At 59, Mainga is nearing the mandatory retirement age for public servants, yet he’s allegedly refusing to take terminal leave, instead orchestrating a clandestine campaign to extend his tenure through bribes to board allies.
Wario’s filing calls this a direct assault on integrity, transparency, and merit, accusing Mainga of dodging rules that should see him exit gracefully.
Sources reveal a desperate bid to outmaneuver President Ruto’s anti-graft crackdowns, with Mainga leaning on cronies to secure an unlawful extension, a tactic he’s allegedly pulled off before.
The juiciest revelation? Mainga’s love life is bleeding public coffers dry. Investigators from the Directorate of Criminal Investigations are circling a staggering 88.2 million shilling tender awarded to First Choice General Supplies, a shadowy outfit linked to his long-time fiancée.
This deal, cloaked in backdated documents and single-sourced without competitive bidding, allegedly flouted the Public Procurement and Asset Disposal Act of 2015, bypassing the 30 million shilling threshold for public tenders.
Social media is ablaze with outrage, with Kenyans demanding the Ethics and Anti-Corruption Commission and the Director of Public Prosecutions drag Mainga to court.
Posts on X scream of favoritism, with some alleging other “side chicks” scored similar sweetheart deals, turning Kenya Railways into a playground for Mainga’s romantic entanglements.
Parliament has already grilled him over these procurement scams, uncovering a pattern of restricted bidding that reeks of corruption.
But the rot runs deeper. Mainga’s reign has allegedly unleashed a land-grabbing spree that would make a bandit blush. Over 544 prime parcels of Kenya Railways land in Nairobi, Kisumu, and Mombasa have vanished into private hands, what Wario calls a “systematic plunder of public assets.”
In Limuru and Kikuyu, railway station lands mysteriously changed ownership under Mainga’s watch. Siwani Estate in Nakuru was carved into 22 plots and leased out without transparent bidding, a feast for connected insiders.
Then there’s the Dupoto/Dafur Settlement Scheme, where proxies pocketed payouts for fictitious claims, draining billions.
The Standard Gauge Railway, a national flagship, is another black hole: activists accuse Mainga of mismanaging 700 billion shillings in irregular extensions and unchecked deals with Chinese operator Afristar, costing taxpayers 1.4 million shillings daily.
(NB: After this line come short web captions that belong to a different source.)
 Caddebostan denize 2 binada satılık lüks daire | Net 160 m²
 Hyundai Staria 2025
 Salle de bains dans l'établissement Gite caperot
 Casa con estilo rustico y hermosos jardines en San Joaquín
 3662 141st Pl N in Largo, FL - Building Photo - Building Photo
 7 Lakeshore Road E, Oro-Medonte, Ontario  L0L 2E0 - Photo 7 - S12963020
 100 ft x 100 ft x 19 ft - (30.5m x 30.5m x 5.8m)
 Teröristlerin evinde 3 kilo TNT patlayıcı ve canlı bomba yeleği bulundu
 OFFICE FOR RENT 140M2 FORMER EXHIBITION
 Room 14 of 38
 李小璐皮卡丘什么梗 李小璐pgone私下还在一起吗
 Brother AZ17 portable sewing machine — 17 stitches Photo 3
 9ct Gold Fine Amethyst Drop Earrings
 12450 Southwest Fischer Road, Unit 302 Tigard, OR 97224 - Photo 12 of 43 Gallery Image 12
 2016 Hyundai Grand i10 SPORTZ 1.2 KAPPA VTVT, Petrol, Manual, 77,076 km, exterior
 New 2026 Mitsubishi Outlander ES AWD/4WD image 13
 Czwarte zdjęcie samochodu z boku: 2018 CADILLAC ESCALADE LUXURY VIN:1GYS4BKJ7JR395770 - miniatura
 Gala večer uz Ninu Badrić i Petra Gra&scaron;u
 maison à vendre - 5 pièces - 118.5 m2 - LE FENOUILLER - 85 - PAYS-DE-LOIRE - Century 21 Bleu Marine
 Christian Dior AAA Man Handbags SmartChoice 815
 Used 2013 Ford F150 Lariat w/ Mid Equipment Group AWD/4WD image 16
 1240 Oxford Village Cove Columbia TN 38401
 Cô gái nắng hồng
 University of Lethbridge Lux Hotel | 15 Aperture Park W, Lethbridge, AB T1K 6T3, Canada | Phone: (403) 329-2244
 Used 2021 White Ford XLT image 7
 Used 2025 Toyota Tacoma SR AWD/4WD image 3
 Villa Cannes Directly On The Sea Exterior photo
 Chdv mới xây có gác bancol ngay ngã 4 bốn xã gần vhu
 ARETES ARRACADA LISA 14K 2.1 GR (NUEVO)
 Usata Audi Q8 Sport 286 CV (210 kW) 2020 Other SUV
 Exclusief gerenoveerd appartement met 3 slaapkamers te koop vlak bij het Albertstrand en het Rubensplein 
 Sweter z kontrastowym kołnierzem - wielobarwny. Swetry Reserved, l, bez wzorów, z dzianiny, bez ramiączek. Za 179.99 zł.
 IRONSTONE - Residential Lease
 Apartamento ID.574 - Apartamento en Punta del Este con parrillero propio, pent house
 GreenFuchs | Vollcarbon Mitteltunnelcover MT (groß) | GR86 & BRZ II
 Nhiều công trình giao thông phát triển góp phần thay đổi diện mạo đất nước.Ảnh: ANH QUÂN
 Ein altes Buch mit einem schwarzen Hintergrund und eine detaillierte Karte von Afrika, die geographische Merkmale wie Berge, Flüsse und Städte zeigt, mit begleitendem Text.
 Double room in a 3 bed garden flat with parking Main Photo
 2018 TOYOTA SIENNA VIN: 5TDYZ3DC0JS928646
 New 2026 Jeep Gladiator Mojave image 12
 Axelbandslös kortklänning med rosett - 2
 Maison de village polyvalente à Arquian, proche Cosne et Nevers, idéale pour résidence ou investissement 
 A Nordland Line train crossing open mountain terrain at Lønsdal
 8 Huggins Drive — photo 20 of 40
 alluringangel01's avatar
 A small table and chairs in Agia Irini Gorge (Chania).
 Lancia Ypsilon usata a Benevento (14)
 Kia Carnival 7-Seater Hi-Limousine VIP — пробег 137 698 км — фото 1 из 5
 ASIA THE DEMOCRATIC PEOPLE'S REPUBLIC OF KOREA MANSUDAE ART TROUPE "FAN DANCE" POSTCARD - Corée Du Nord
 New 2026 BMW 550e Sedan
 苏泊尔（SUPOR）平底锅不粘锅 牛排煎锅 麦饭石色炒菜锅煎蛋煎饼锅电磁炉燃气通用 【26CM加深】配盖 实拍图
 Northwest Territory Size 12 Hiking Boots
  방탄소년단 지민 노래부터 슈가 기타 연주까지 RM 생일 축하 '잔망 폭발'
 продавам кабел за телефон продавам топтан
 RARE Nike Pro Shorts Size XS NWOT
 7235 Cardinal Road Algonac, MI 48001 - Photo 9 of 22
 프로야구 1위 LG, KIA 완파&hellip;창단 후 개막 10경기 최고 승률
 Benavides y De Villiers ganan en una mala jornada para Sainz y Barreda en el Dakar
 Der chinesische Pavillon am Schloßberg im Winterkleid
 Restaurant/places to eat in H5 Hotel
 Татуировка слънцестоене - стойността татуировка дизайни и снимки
Mainga’s response to leaks exposing this chaos? Threats and purges.
In April 2024, he allegedly issued terror threats to “arrest” staffers spilling secrets, as tensions with ousted board chair Captain Mohammed Abdi erupted.
He’s accused of rigging a recruitment drive, pocketing bribes to install Benedict Kiema Kavua, a tainted figure, in a key role while sidelining Luhya staffers who dared question him.
Retirees are suffering too, with Mainga summoned by Parliament over a 19-year delay in 21.9 million shillings in dues.
He even faces six months in jail for defying court orders in a Lavington eviction dispute, cementing his image as a law unto himself.
As the November 19 court date looms, Wario’s crusade, amplified by a furious chorus on X, demands Mainga’s immediate sacking to stop the “widespread governance failures” that have saddled Kenya Railways with a 738 billion shilling debt bomb.
Calls for raids by the Ethics and Anti-Corruption Commission and a full board purge are growing louder. Kenyans are seething, asking if Mainga’s web of lovers, bribes, and cronies will keep his gravy train chugging or if justice will finally derail him. One thing is clear: the rails of Kenya Railways have never been shakier.